▶ **WORK TO COMPLETE**:
Repeat each line of the material below exactly as it appears, minus any pictures.

▶ **DATASET CONTENT**:
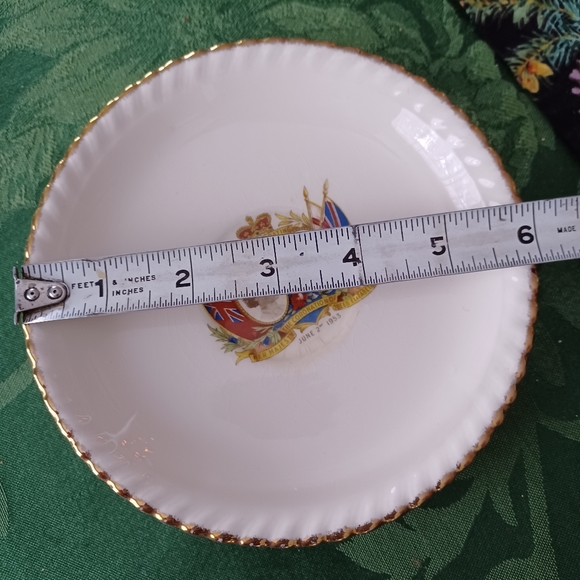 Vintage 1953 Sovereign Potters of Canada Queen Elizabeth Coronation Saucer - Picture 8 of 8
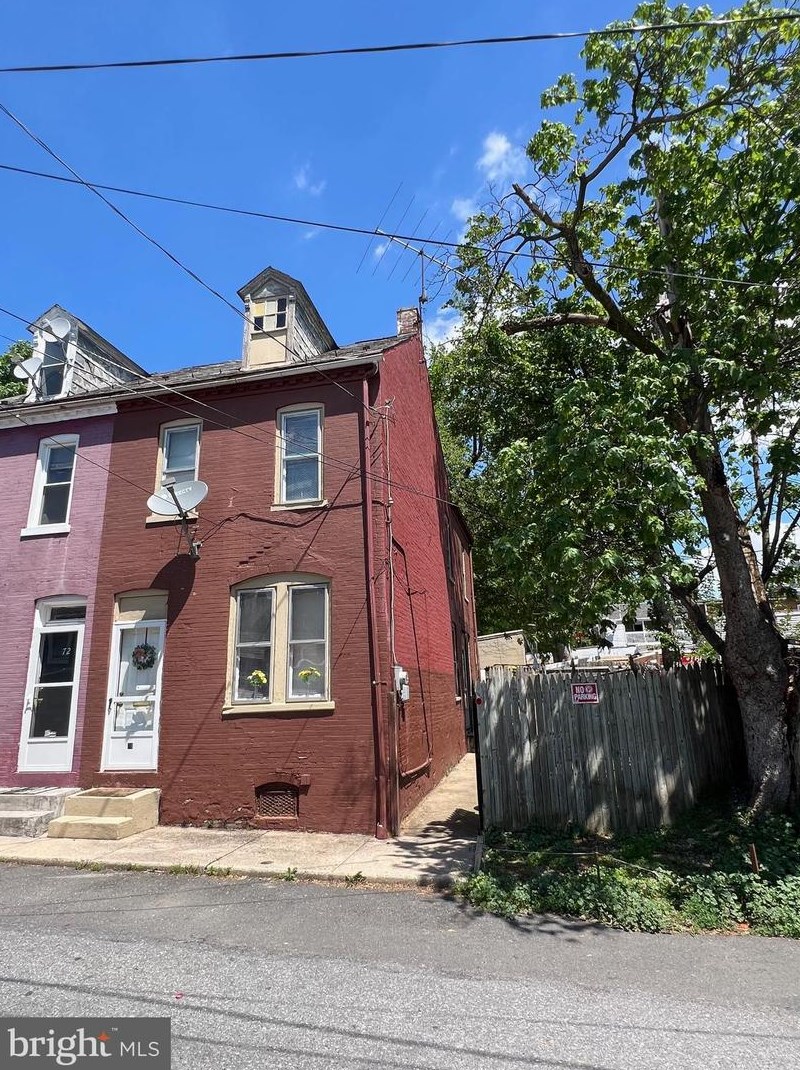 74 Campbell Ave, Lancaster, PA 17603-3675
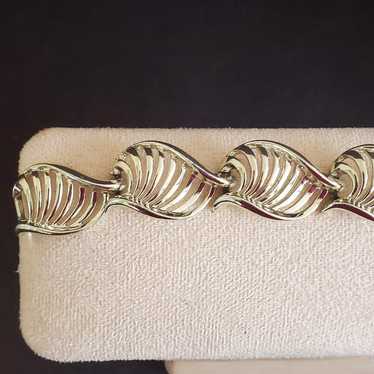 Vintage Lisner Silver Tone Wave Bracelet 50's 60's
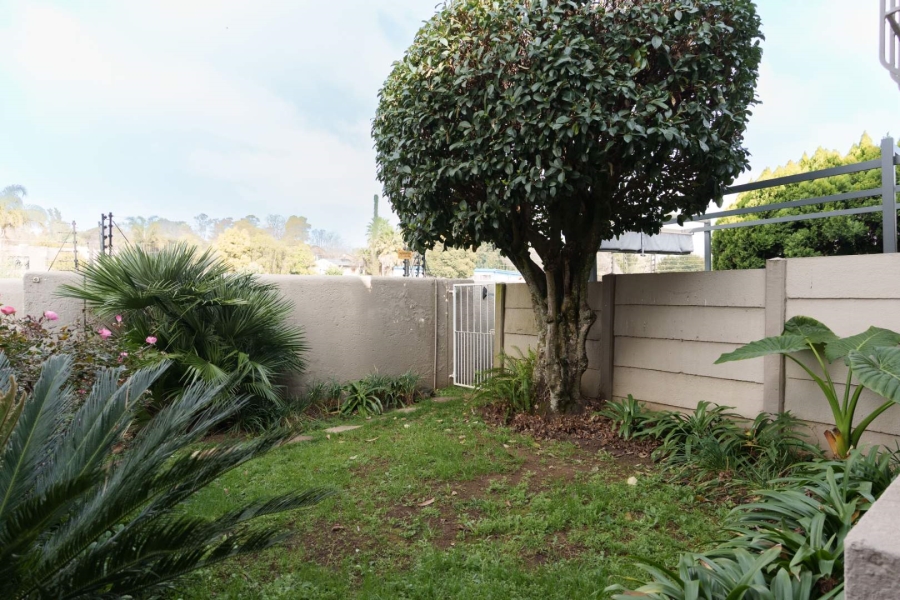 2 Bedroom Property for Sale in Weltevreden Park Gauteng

▶ **RESULT OF THE TASK**:
 Vintage 1953 Sovereign Potters of Canada Queen Elizabeth Coronation Saucer - Picture 8 of 8
 74 Campbell Ave, Lancaster, PA 17603-3675
 Vintage Lisner Silver Tone Wave Bracelet 50's 60's
 2 Bedroom Property for Sale in Weltevreden Park Gauteng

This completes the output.